Thanks for taking a look at my second Instructable! Hope you're able to use it effectively as a guide!
Step 1: Building and Shaping a Wooden Base
I started making Majora's mask by laminating 2 pieces of 3/4" heart-shaped pine together and ripping away the square edges with my belt sander (40 grit) and forming a smooth curve around all sides. After I had formed a shape I was happy with, I felt like the overall thickness was a little slim so I ended up laminating another 3/4" heart-shape to the bottom of my 1 1/2" heart and reshaping the entire thing (ending thickness = 2 1/4"). After a thorough sanding with some higher grit paper (150 grit), I gave the entire mask a thin covering of glazing putty. After letting it dry for a few hours, I used 180 grit sandpaper to remove excess glazing putty and smooth the entire base. I then repeated the glazing putty covering, this time only in areas that had visible scratches or dents. I gave the mask another several hours to dry and used Rust-Oleum Gray Filler Primer to give a nice thin coat.
Step 2: Drawing the Features and Routing Tubing Channels
After I gave the mask ~24 hours to dry, I spent some quality time with my Sharpies, rulers, and my trusty compass to meticulously map out the details of the eyes and the surrounding raised areas. I used the digital image of Majora's Mask included in this Step's Photo Reel for the entirety of the feature placement. After I had mapped out where all of the features were to be located, I put a ball stylus bit on my Dremel and freehand cut very shallow channels between my Sharpie-d lines. I got a little marker-happy and filled in all of the lines that I had just cut out, as you can see in the picture.
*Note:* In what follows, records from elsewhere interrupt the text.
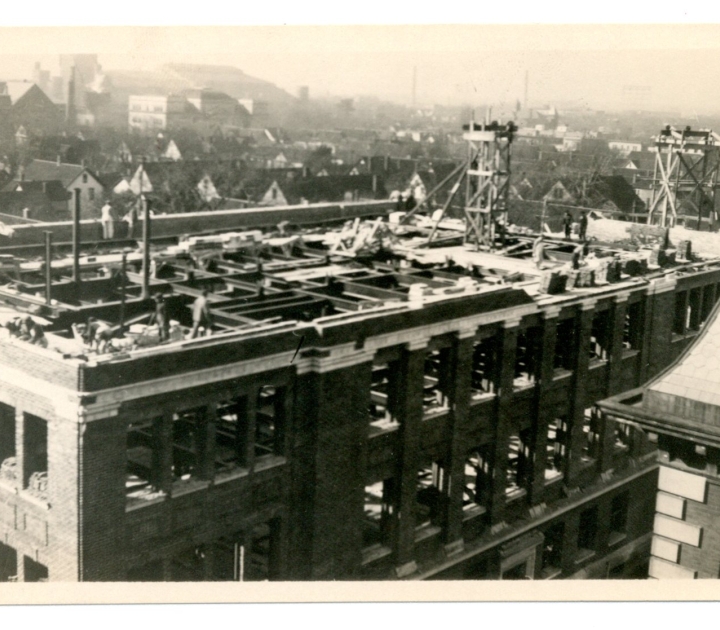 West view of new building nearing completion. View looking west from old building. Old building can be glimpsed on right.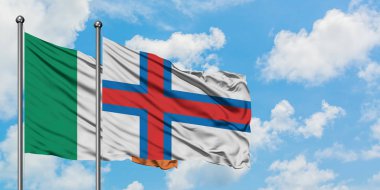 İrlanda ve Faroe Adaları bayrağı birlikte beyaz bulutlu mavi gökyüzüne karşı rüzgarda sallayarak. Diplomasi kavramı, uluslararası ilişkiler.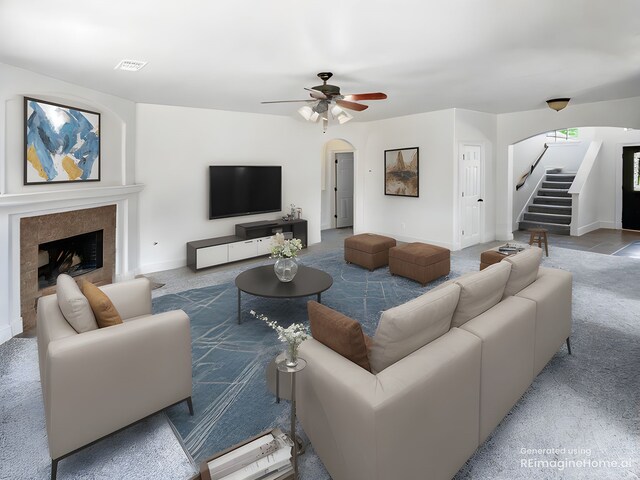 16019 Rustlers Trail Ln, Cypress, TX 77429 - living area featuring stairway, carpet flooring, ceiling fan, arched walkways, and a fireplace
Step 3: Installing the (unwilling) Tubing
This step took me a few days to complete since my progress was dependent on the curing time of my 2-part epoxy. I started by cutting a long piece of 1/4" polyurethane tubing. I found some nifty electrical tape that was unusually wide, so I began to tape the tubing down into the channels I had cut by laying the tubing and putting several strips of tape over it. After I had laid tubing in the entire outer raised area, I used my heat gun to soften (NOT MELT) the tubing so that it wouldn't resist gluing. After the tubing cooled, I began to glue the tubing into the channels about 3 inches at a time. To secure the tubing while the epoxy cured, I used the electrical tape. Little by little, I glued the tubing down and after the entire strand was secured, the electrical tape was removed. I followed this same process when doing the inner eye regions, except I had to glue about 1-2" of the tubing at a time since the curves were much sharper.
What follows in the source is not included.